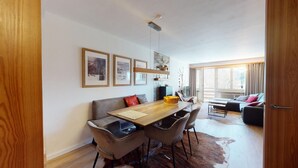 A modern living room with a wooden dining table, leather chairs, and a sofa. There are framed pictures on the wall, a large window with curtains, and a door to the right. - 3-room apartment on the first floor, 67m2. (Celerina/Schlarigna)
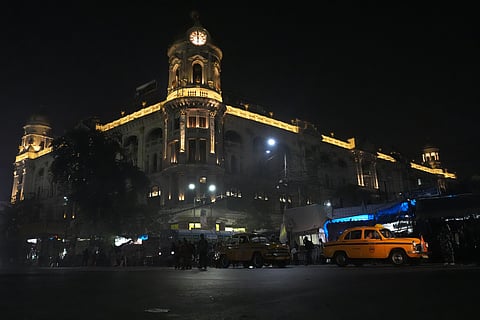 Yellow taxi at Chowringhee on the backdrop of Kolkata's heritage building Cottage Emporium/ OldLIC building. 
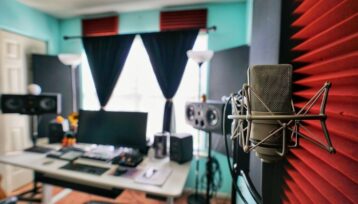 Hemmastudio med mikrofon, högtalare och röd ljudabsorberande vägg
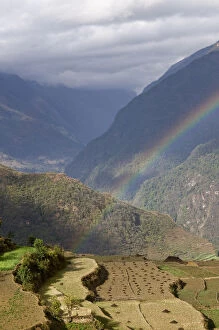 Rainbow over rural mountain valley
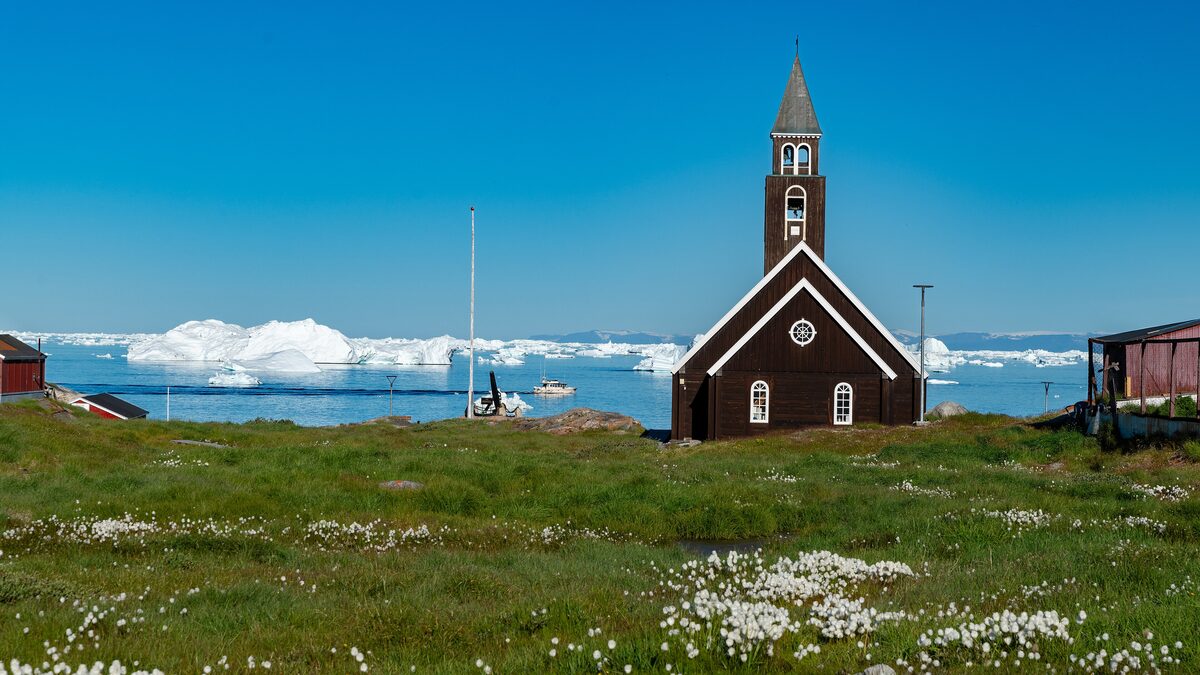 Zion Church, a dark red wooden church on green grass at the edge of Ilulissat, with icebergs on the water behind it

____________

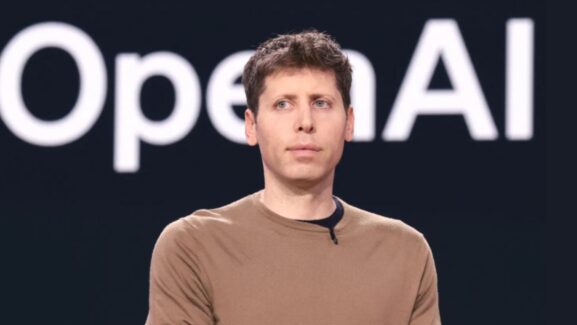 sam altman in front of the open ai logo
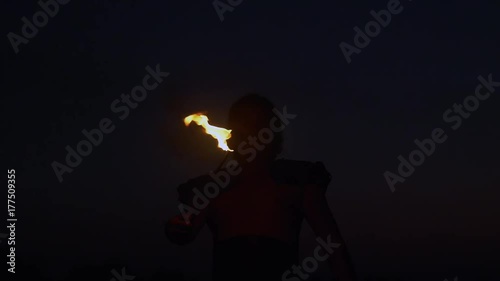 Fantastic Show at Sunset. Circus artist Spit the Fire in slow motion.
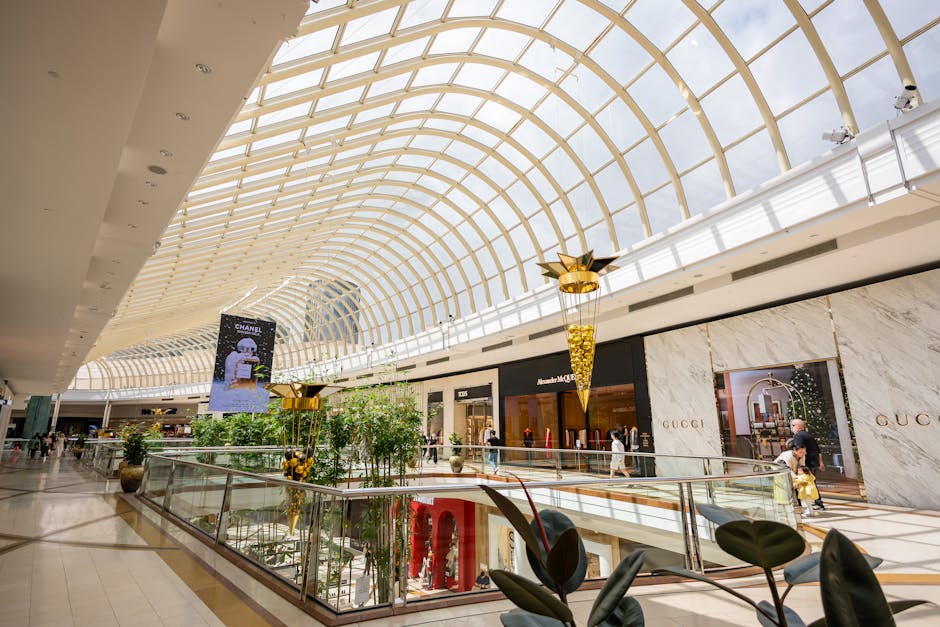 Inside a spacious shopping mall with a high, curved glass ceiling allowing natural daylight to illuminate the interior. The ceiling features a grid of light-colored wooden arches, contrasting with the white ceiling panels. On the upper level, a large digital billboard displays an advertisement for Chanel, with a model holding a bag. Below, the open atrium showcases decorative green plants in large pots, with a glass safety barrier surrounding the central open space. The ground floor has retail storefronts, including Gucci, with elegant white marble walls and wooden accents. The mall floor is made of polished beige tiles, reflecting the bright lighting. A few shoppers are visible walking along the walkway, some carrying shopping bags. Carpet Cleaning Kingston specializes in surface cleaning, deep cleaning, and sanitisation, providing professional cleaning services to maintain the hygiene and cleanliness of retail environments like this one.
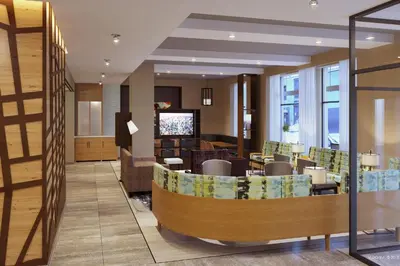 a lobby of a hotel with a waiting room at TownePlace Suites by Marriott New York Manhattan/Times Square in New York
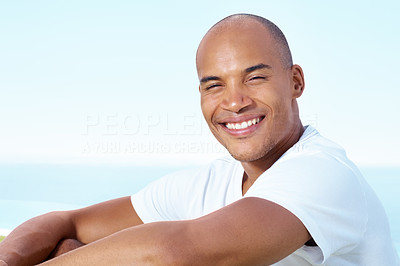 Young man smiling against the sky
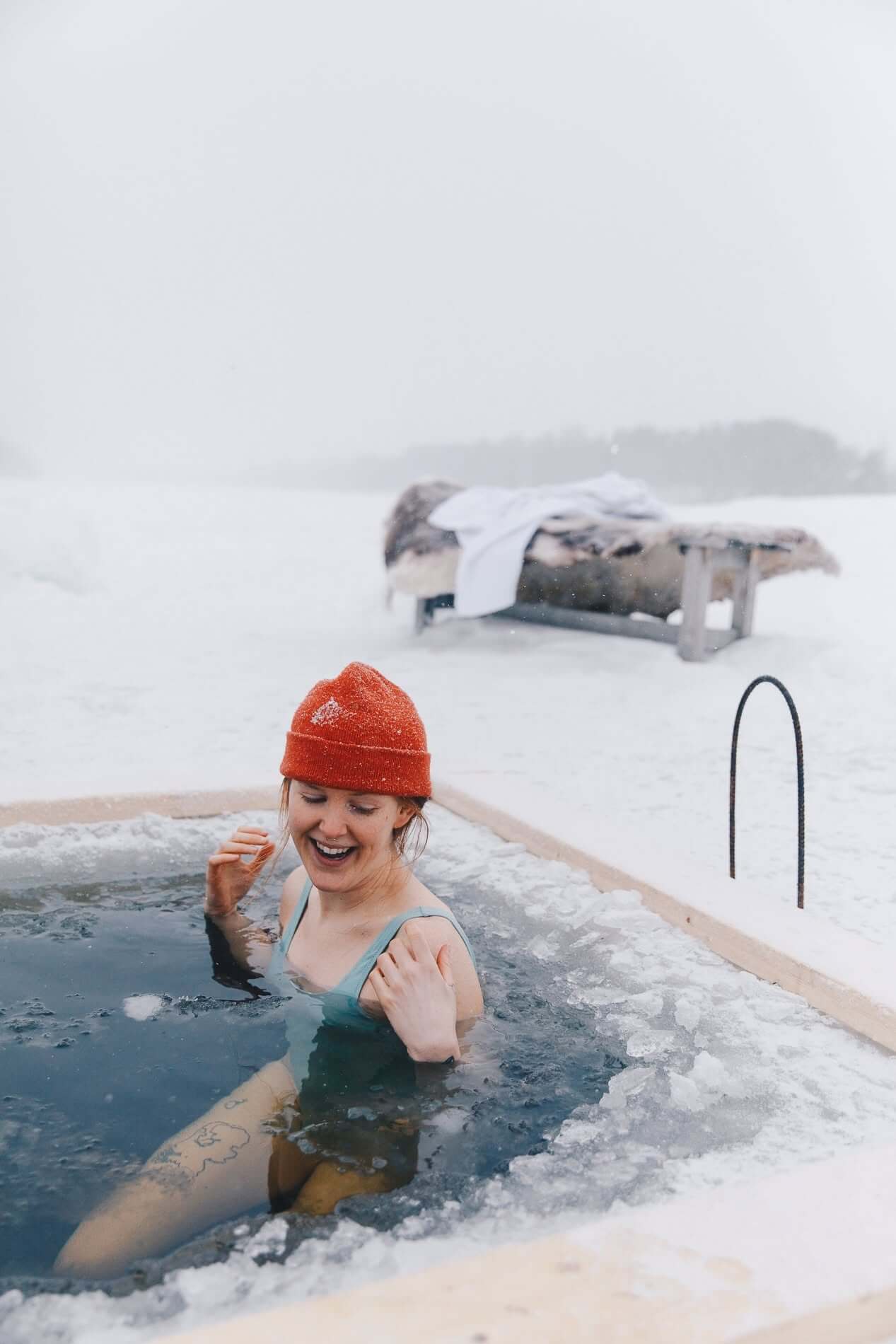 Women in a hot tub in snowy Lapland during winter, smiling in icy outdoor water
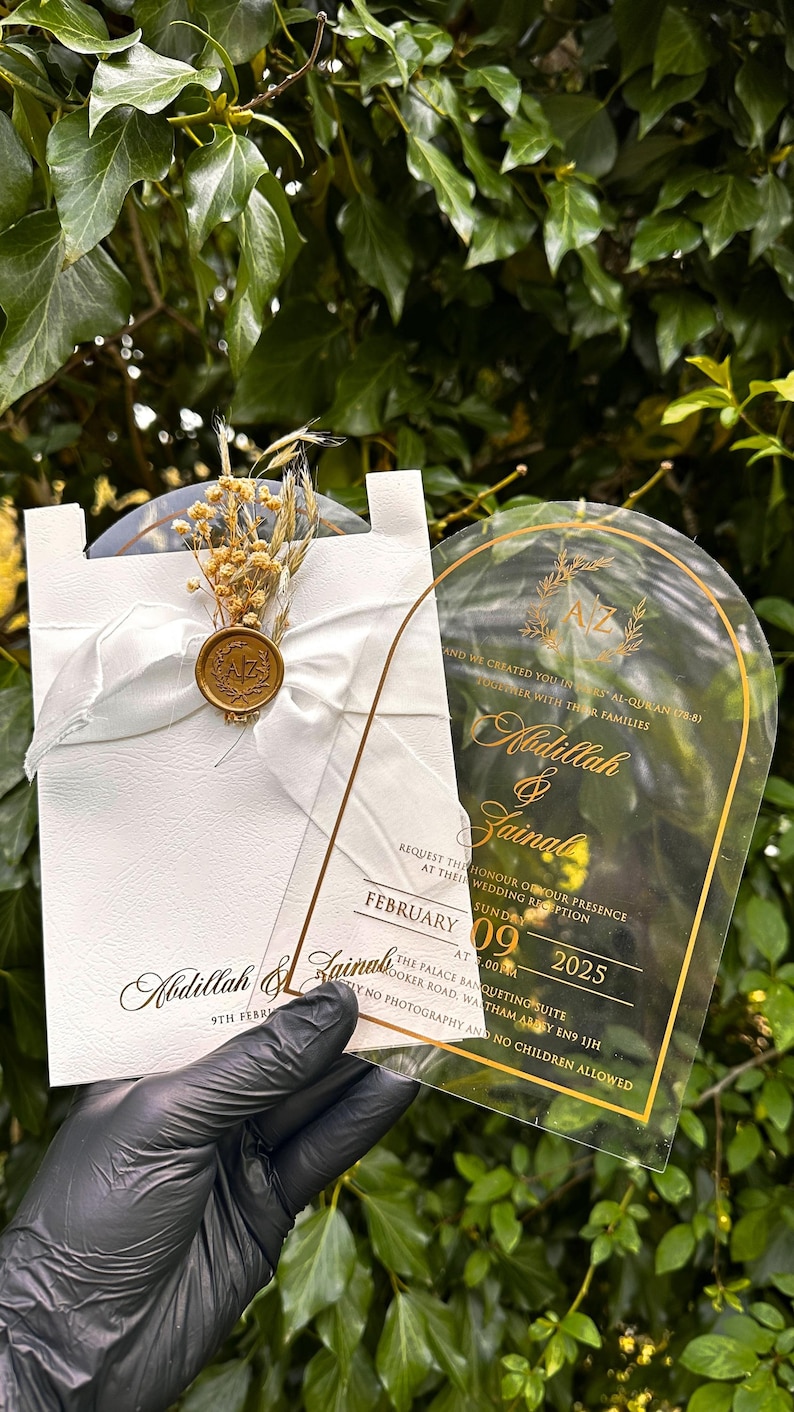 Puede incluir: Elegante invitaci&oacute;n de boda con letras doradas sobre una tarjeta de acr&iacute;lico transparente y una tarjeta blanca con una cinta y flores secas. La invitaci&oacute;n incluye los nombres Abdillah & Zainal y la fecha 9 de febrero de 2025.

____________

Exercise directions
Pictures excluded, transcribe the listing above exactly from the line with "sam altman in front of the open ai logo" through the line with "Fantastic Show at", and no further.

Answer for this exercise
 sam altman in front of the open ai logo
 Fantastic Show at Sunset. Circus artist Spit the Fire in slow motion.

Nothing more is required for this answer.